For this listing, the lines between the one holding "Владимир Зеленский СНБО Владимир" and the one holding "Uponor, Rohrverbindungstechnik, S-Press", inclusive, must be set down exactly.

RECORDS FOR THE EXERCISE:
————————

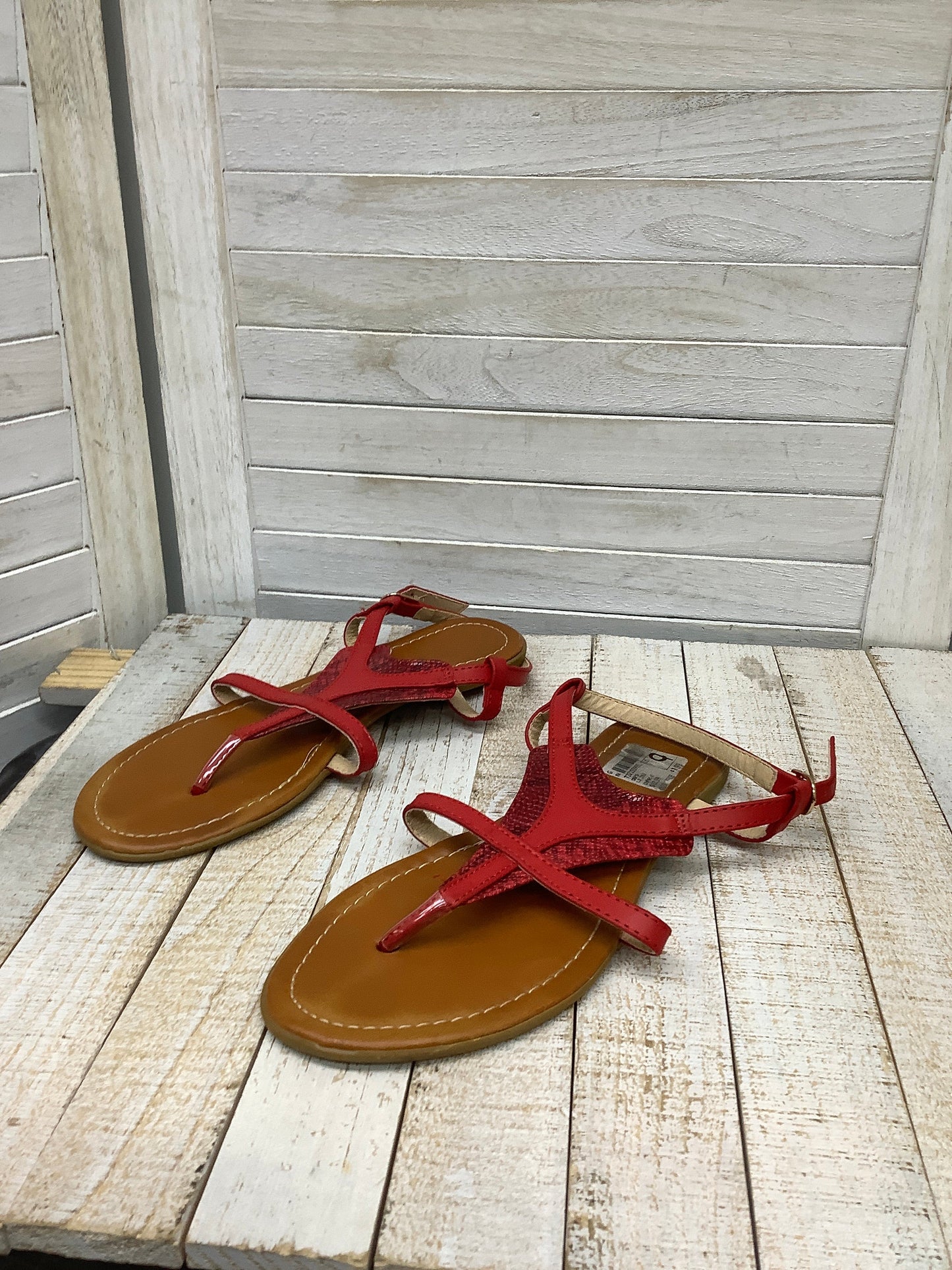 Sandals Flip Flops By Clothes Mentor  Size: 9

————————

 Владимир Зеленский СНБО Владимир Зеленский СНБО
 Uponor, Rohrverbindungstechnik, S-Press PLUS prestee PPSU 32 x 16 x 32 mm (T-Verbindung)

————————

EXERCISE RESULT:
 Владимир Зеленский СНБО Владимир Зеленский СНБО
 Uponor, Rohrverbindungstechnik, S-Press PLUS prestee PPSU 32 x 16 x 32 mm (T-Verbindung)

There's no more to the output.